Entries shown:
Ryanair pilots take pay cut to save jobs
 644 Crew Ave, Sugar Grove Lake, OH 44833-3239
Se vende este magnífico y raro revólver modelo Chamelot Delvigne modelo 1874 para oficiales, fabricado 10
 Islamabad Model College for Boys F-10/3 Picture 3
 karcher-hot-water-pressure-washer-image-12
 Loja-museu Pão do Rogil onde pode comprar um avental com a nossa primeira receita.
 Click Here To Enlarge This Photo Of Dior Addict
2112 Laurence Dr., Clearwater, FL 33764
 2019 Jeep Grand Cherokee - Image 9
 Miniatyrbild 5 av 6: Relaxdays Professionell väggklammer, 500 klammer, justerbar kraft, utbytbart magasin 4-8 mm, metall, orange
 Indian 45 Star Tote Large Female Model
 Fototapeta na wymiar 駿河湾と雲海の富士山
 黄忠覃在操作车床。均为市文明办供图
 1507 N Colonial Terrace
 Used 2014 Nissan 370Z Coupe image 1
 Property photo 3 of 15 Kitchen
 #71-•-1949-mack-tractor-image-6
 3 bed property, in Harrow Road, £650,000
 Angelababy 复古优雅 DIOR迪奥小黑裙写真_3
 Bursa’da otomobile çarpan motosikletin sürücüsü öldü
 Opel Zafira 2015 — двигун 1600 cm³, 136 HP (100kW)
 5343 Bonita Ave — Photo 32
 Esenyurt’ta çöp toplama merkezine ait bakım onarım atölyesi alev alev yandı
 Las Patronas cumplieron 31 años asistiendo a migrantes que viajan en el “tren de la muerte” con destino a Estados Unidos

What is needed: Please transcribe exactly the line containing "Bursa’da otomobile çarpan" and every line after it through the end of the records, and nothing else.

Problem solution:
 Bursa’da otomobile çarpan motosikletin sürücüsü öldü
 Opel Zafira 2015 — двигун 1600 cm³, 136 HP (100kW)
 5343 Bonita Ave — Photo 32
 Esenyurt’ta çöp toplama merkezine ait bakım onarım atölyesi alev alev yandı
 Las Patronas cumplieron 31 años asistiendo a migrantes que viajan en el “tren de la muerte” con destino a Estados Unidos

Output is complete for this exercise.